[Opening DATA SHOWN section]

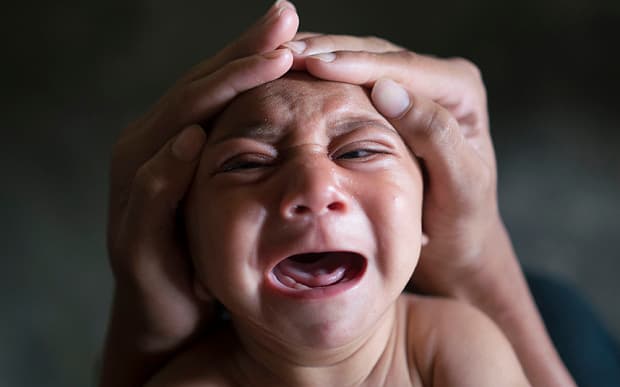 1 in 10 U.S. pregnant women with Zika had fetus/baby with birth defects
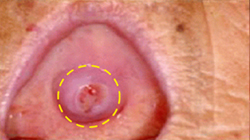 입천장에 발생한 침샘암
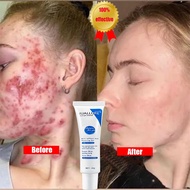 IUALLURE Acne Cream 20g Antibacterial Acne Face Acne Scar Treatment Cream Acne Scar Removal Cream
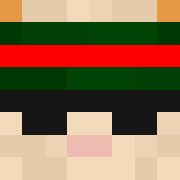 Skin Head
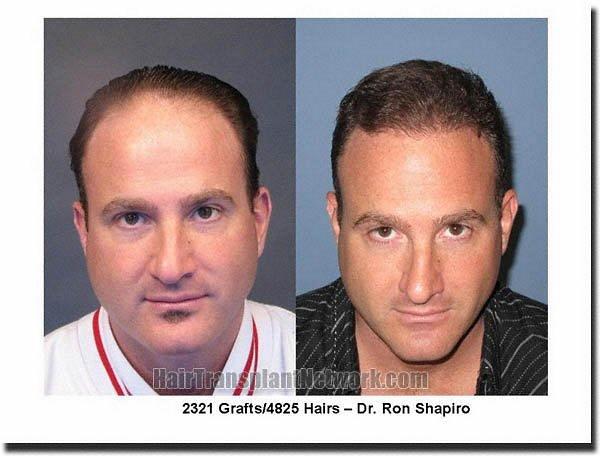 Hair restoration procedure results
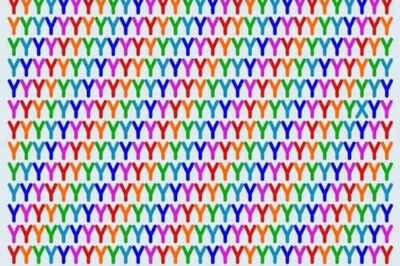 Optical Illusion: Only those with high IQ can find the odd letter among the “Y’s”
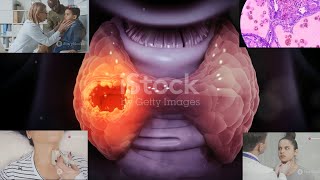 Tumor Markers  Calcitonin  Medullary Thyroid Cancer MTC  The quotbutterflyquot organ  08 [upl. by Nitsuga]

[Closing DATA SHOWN section]

◆ EXERCISE DESCRIPTION: Repeat only the lines from the line with "Hair restoration procedure results" to the end of the entries, including both the first and the last line, and drop every picture.

◆ RESPONSE TO THE EXERCISE:
 Hair restoration procedure results
 Optical Illusion: Only those with high IQ can find the odd letter among the “Y’s”
 Tumor Markers  Calcitonin  Medullary Thyroid Cancer MTC  The quotbutterflyquot organ  08 [upl. by Nitsuga]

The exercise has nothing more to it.